I was reading upstairs when my neighbor came to pick up his son. The child must not have wanted to go yet, for I heard his small voice declare, “Someone’s going to die!” My neighbor did not correct his little boy, but smiled sheepishly as he steered him toward the door. This father is failing his son. As the God-appointed authority in his child’s life, he is teaching his son that it’s okay to disrespect all authority figures—including God.

Our experience with our earthly father inevitably forms of our view of God. In his book Faith of the Fatherless, Paul Vitz observes that many of the world’s leading atheists—such as Nietzsche, Hume, Russell, Sartre, and Camus—grew up without fathers. Could the absence of their earthly fathers explain why it was so hard for them to believe in the existence of a heavenly Father?

If you grew up with an absent or abusive father, you will tend to project this bad experience upon God.
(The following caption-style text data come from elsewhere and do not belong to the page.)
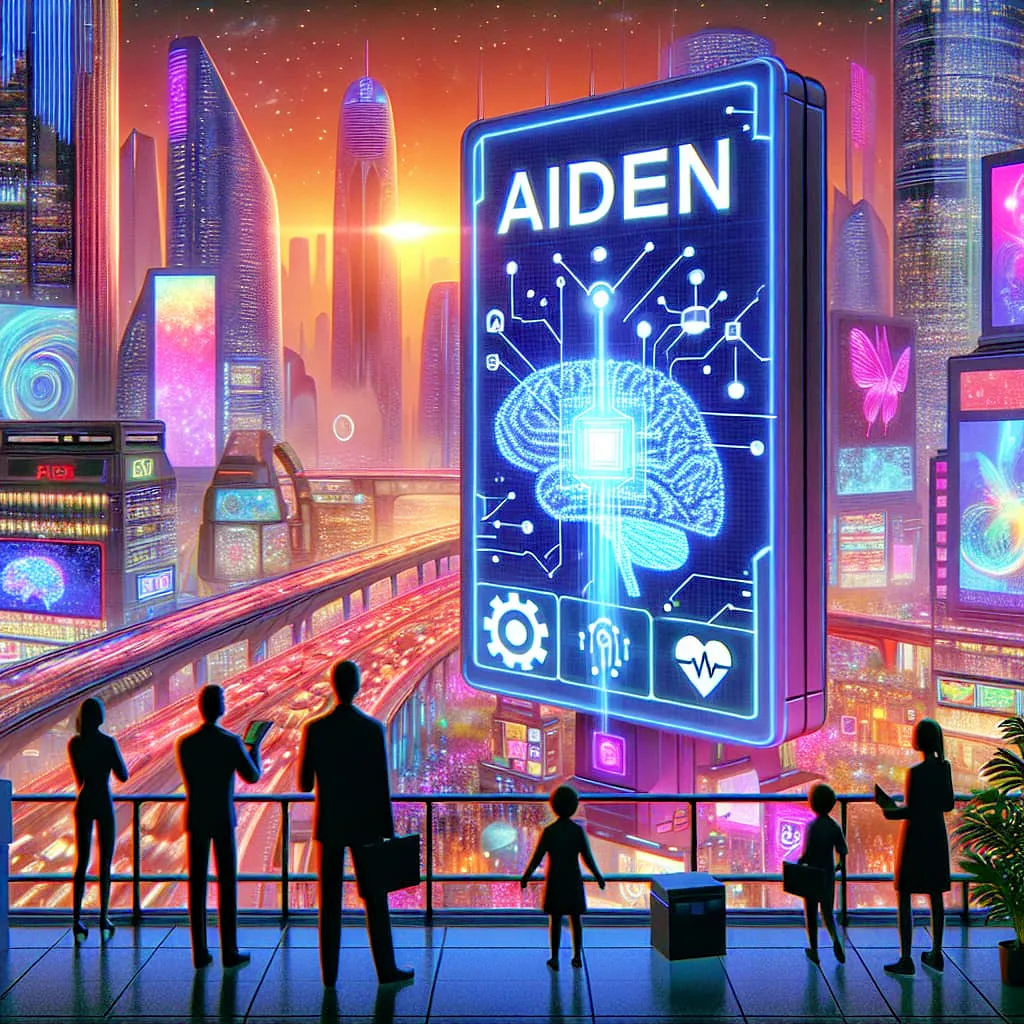 In the bustling city of Neo-Eden, a revolutionary AI system named AIDEN was transforming healthcare. "No Bad Spelling"
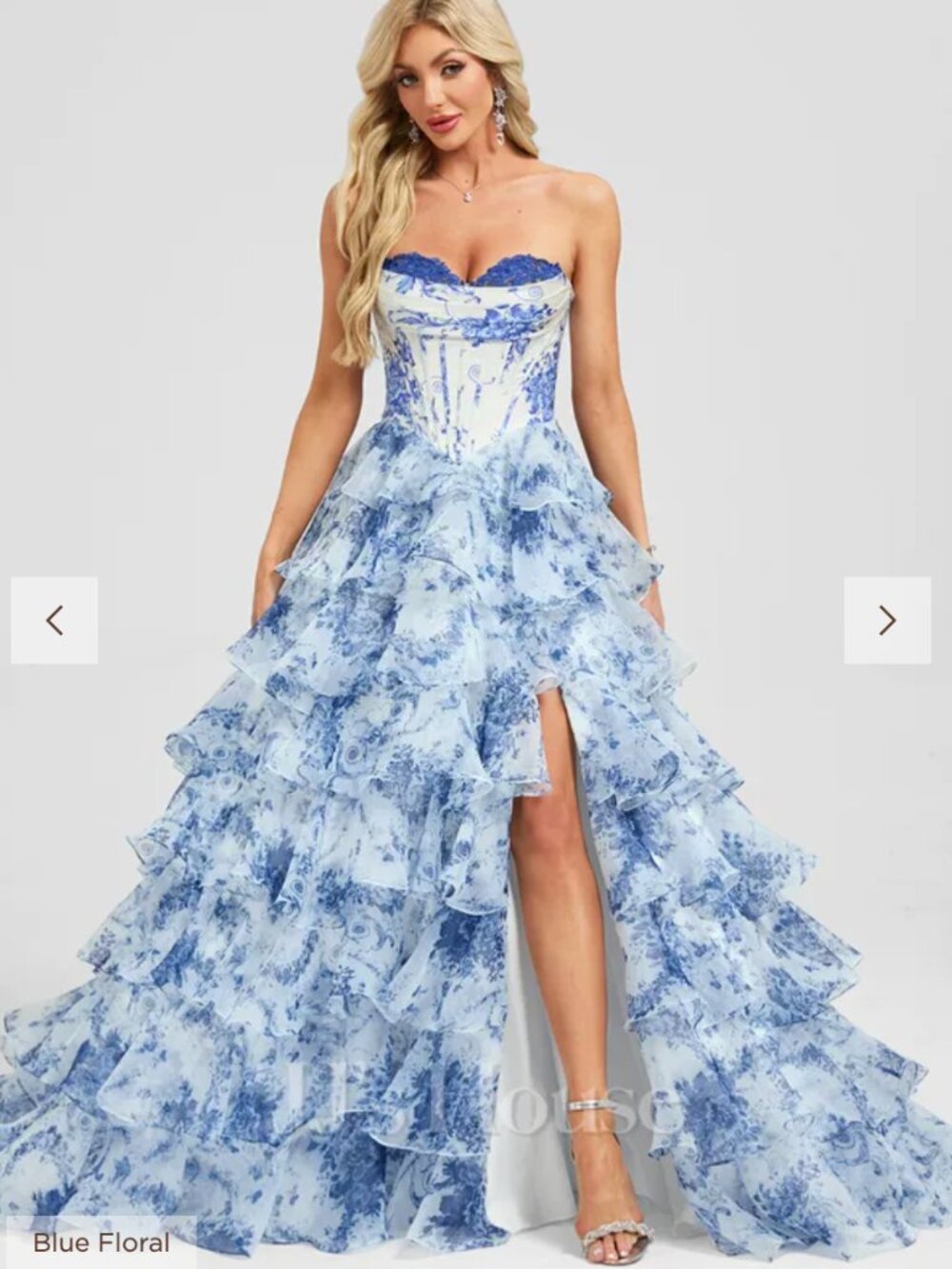 JJ's House Keilana Blue Floral Sweetheart Pleated Dress
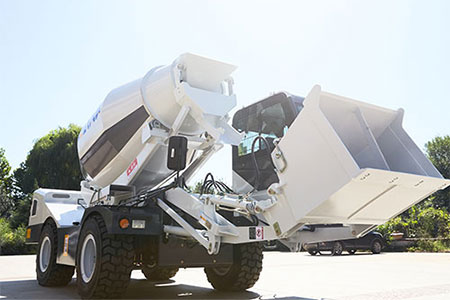 self loading concrete mixer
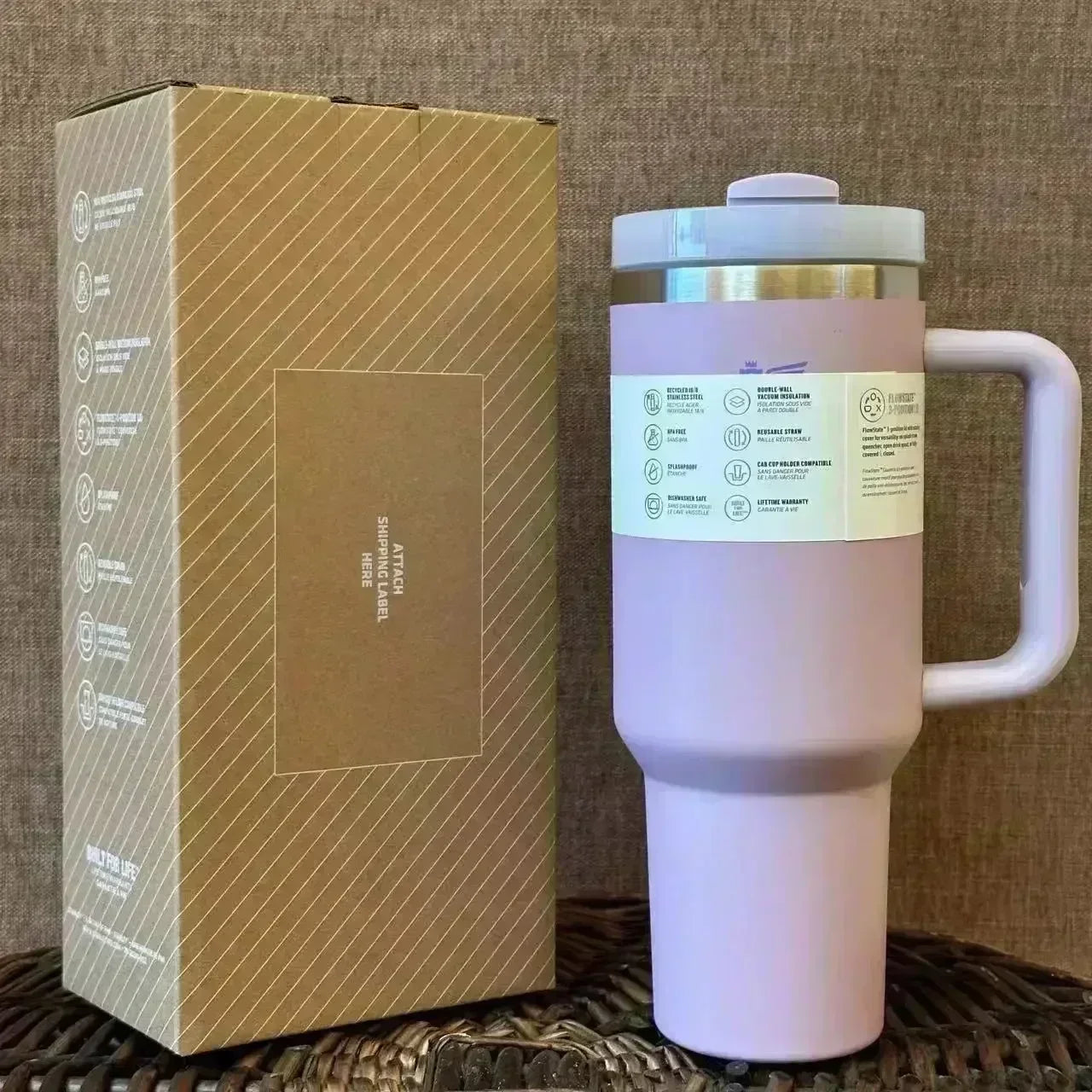 Hemasa 40oz Tumbler FlowState Straw Lid Stainless Steel Vacuum Insulated Car Mug /Double Wall Thermal Iced Travel Cup bottle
But if you realize this natural bent, you may be able to lay it aside. Recognize that you’re the victim of bad parenting and seek out a father figure who can restore your faith in God. Above all, start with God, allowing His revelation (rather than your difficult childhood) to define what it means to be a father. Believe Jesus when He says that “your heavenly Father already knows all your needs” and is eager to “give good gifts to those who ask Him” (Matthew 6:32; 7:11).

If you’re a father, know that how you love your children will determine their perception of God. Being a good dad does not guarantee that your children will love God, but a bad dad can certainly cause them to struggle in their relationship with Him. Ninety percent of parenting is just showing up, but the other 10 percent matters too.